Einstein adds the speed of light as the absolute reference point in his theory of relativity. This translates as zero inertia (or quantization). Thus, Einstein visualizes a scale of quantization/inertia that has a definite and absolute reference point of zero.

I cannot but think that Newton himself would rejoice that after 200 years the “ocean of undiscovered truth” has rolled back another stage. I do not think of him as censorious because we will not blindly apply his formula regardless of the knowledge that has since accumulated and in circumstances that he never had the opportunity of considering.

I am not going to describe the three tests here, since they are now well known and will be found in any of the numerous guides to relativity; but I would refer to the action of gravitation on light concerned in one of them.
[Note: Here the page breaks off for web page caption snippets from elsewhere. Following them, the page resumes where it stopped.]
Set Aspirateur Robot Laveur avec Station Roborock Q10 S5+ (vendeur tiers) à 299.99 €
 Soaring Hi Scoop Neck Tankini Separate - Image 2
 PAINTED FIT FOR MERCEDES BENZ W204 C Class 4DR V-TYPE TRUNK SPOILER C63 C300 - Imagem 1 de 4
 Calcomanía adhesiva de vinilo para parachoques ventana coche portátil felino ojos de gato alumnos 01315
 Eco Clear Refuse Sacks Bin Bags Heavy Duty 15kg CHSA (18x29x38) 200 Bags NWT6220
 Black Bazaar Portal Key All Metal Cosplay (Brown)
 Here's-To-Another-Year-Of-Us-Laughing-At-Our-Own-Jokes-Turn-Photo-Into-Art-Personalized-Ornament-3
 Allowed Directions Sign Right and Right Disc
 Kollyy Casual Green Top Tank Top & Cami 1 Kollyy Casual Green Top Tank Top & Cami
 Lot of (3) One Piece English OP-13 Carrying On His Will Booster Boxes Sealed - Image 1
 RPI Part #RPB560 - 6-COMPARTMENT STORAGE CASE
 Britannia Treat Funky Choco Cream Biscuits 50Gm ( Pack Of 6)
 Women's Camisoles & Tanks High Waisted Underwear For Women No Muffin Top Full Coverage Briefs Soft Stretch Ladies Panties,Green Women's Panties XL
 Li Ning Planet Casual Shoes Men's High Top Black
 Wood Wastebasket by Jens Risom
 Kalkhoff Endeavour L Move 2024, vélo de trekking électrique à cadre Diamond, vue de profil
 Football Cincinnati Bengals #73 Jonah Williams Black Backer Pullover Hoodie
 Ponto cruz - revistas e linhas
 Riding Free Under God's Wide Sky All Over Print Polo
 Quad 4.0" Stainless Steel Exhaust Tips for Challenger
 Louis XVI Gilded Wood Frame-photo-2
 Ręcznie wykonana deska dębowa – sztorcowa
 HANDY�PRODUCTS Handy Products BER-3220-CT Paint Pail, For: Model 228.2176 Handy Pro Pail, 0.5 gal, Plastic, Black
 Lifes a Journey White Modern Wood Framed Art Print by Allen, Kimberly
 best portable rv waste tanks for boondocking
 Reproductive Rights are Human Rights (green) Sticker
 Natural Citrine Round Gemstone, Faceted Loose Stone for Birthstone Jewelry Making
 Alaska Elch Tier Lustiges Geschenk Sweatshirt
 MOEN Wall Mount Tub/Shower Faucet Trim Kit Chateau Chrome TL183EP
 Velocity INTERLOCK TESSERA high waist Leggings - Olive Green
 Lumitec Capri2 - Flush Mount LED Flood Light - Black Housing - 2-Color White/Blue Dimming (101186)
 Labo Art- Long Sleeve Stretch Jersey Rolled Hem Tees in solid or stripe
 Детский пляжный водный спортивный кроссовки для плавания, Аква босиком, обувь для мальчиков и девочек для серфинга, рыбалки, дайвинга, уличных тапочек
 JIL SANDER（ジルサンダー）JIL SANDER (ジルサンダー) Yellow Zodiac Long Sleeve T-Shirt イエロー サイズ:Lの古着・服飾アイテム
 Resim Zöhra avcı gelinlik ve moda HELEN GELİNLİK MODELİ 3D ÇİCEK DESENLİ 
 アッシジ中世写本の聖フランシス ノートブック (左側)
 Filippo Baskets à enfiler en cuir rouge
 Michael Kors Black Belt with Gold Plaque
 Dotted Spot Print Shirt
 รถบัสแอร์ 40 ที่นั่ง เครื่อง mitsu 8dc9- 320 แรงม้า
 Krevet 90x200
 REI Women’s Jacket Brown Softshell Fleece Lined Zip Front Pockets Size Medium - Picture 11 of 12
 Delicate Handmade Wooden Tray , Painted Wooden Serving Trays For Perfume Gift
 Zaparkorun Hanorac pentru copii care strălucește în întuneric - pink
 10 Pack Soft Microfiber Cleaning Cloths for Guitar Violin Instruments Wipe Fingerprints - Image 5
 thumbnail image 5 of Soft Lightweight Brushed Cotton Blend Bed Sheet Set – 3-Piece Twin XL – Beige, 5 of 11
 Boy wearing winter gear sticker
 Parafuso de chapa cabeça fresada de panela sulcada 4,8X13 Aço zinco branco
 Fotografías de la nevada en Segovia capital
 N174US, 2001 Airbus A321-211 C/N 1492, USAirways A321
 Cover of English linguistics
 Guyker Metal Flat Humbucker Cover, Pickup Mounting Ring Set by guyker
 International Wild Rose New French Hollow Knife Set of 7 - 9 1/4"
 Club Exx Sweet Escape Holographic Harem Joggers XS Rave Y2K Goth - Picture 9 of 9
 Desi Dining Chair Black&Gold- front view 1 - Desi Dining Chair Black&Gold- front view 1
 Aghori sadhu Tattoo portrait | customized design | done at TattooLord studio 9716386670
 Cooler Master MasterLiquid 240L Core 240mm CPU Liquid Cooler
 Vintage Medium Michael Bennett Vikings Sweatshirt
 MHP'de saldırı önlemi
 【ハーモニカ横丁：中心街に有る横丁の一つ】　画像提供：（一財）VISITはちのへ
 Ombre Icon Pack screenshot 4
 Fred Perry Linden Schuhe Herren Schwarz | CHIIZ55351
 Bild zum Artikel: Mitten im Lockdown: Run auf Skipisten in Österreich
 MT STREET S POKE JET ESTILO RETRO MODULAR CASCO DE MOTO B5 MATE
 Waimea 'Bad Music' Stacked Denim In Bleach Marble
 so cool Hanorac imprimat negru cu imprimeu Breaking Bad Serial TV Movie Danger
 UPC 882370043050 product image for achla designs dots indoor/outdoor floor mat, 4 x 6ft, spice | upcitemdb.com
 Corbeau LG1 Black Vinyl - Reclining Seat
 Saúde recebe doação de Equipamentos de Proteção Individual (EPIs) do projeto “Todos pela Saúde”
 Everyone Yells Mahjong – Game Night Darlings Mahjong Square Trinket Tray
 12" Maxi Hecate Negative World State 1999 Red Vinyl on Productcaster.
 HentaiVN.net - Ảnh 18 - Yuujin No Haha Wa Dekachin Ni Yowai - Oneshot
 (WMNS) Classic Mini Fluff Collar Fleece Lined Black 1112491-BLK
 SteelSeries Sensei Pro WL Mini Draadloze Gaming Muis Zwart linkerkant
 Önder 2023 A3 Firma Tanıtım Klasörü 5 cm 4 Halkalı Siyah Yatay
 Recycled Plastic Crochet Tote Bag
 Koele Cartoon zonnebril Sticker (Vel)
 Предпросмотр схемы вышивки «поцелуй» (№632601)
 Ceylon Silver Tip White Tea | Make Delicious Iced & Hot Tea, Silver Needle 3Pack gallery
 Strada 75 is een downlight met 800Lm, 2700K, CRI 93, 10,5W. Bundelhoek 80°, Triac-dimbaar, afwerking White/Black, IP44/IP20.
Light-waves in passing a massive body such as the sun are deflected through a small angle. This is additional evidence that the Newtonian picture of gravitation as a tug is inadequate. You cannot deflect waves by tugging at them, and clearly another representation of the agency which deflects them must be found.

The reference point of zero inertia is theoretical only, because light does have very small but finite inertia since it bends to sun’s gravitation.  But light’s inertia may be assumed to be zero relative to the inertia of material-substance. Therefore, the theory of relativity is successful when applied to gravity relating to matter.

Since light’s inertia cannot be assumed to be zero relative to the inertia of field-substance, it explains why the theory of relativity is not consistent with quantum mechanics. If we can only find a way to use the theoretical point of zero inertia mathematically in the theory of relativity, we may be able to establish its consistency with quantum theory.